Appena apre la macchina, mi fiondo dentro, evitando di guardarlo, lui fa altrettanto posizionandosi al posto di guida. Per tutto il tragitto nessuno dei due pronuncia una sola parola, ma l'aria all'interno è pesante. I paesaggi scorrono oltre i finestrini, ma io non riesco a concentrarmi su nulla. La mia mente è occupata da un turbine di pensieri e sentimenti contrastanti. Quando finalmente arriviamo davanti al cancello di casa, lui ruota le chiavi nel quadro e si sporge nella mia direzione per baciarmi. Ma con un movimento veloce apro la portiera e corro fuori, sentendo l'urgenza di allontanarmi da lui prima che dica cose di cui mi pentirò amaramente.

«Adele, smettila!», mi urla dietro, ma io non mi volto. Non posso permettermi di cedere alla tentazione di tornare indietro, altrimenti rischierei di cadere ancora più in basso. Mi volto solo quando sento la sua voce più vicina, la rabbia che sale dalla base della mia spina dorsale. Punto gli occhi nei suoi e premo un dito contro il suo petto come se volessi spingerlo via.

«Sai che quell'appellativo è una cosa che detesto e, nonostante tutto, continui a ripeterlo ogni volta», gli dico con voce fredda.
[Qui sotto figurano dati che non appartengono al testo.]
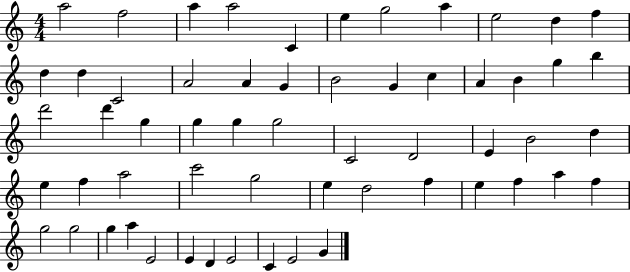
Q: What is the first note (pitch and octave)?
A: A5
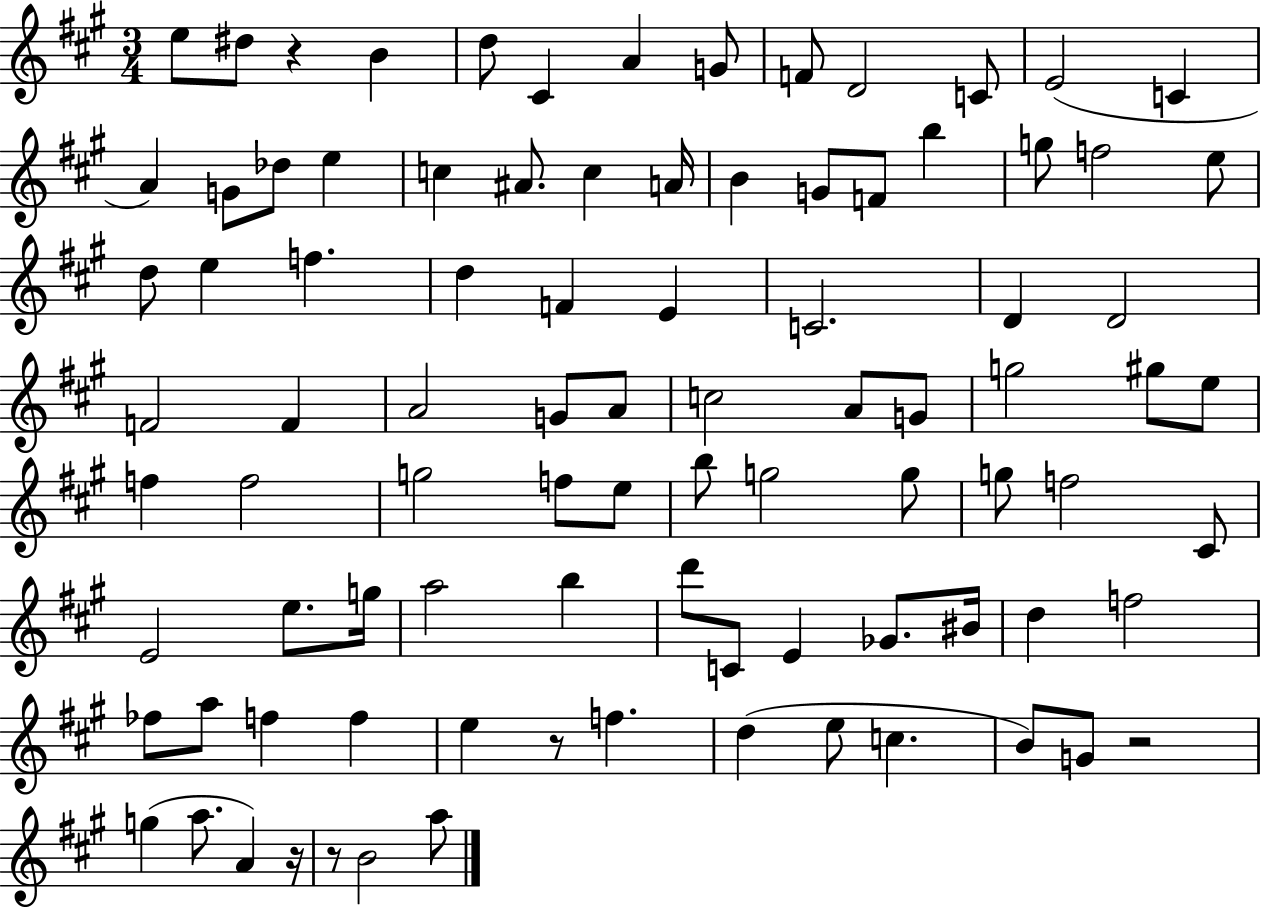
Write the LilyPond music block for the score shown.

{
  \clef treble
  \numericTimeSignature
  \time 3/4
  \key a \major
  e''8 dis''8 r4 b'4 | d''8 cis'4 a'4 g'8 | f'8 d'2 c'8 | e'2( c'4 | \break a'4) g'8 des''8 e''4 | c''4 ais'8. c''4 a'16 | b'4 g'8 f'8 b''4 | g''8 f''2 e''8 | \break d''8 e''4 f''4. | d''4 f'4 e'4 | c'2. | d'4 d'2 | \break f'2 f'4 | a'2 g'8 a'8 | c''2 a'8 g'8 | g''2 gis''8 e''8 | \break f''4 f''2 | g''2 f''8 e''8 | b''8 g''2 g''8 | g''8 f''2 cis'8 | \break e'2 e''8. g''16 | a''2 b''4 | d'''8 c'8 e'4 ges'8. bis'16 | d''4 f''2 | \break fes''8 a''8 f''4 f''4 | e''4 r8 f''4. | d''4( e''8 c''4. | b'8) g'8 r2 | \break g''4( a''8. a'4) r16 | r8 b'2 a''8 | \bar "|."
}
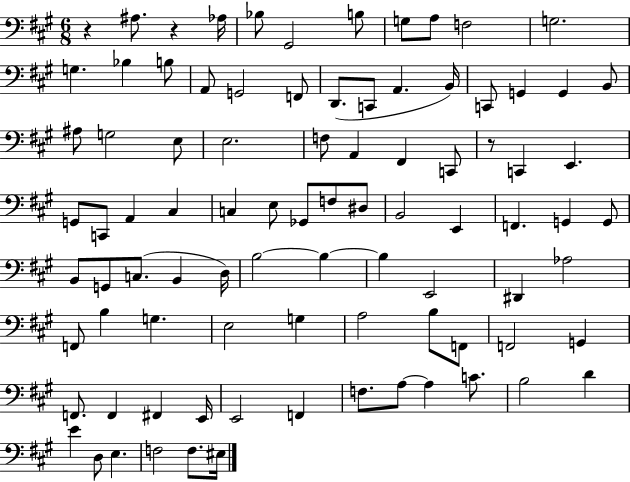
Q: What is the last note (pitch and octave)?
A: EIS3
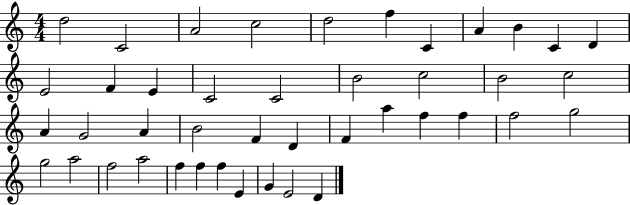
{
  \clef treble
  \numericTimeSignature
  \time 4/4
  \key c \major
  d''2 c'2 | a'2 c''2 | d''2 f''4 c'4 | a'4 b'4 c'4 d'4 | \break e'2 f'4 e'4 | c'2 c'2 | b'2 c''2 | b'2 c''2 | \break a'4 g'2 a'4 | b'2 f'4 d'4 | f'4 a''4 f''4 f''4 | f''2 g''2 | \break g''2 a''2 | f''2 a''2 | f''4 f''4 f''4 e'4 | g'4 e'2 d'4 | \break \bar "|."
}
«E dai... Ho detto che stavo scherzando», cerca di alleggerire la situazione, ma la mia testa è già altrove. Lo sto ignorando deliberatamente mentre mi allontano verso casa senza nemmeno salutarlo.

Noi due siamo come le montagne russe, passiamo dall'estasi alla disperazione in un batter d'occhio. Oggi, la giostra è in una vertiginosa caduta libera, e non posso permettermelo, soprattutto quando mancano soli due giorni alla finale del campionato.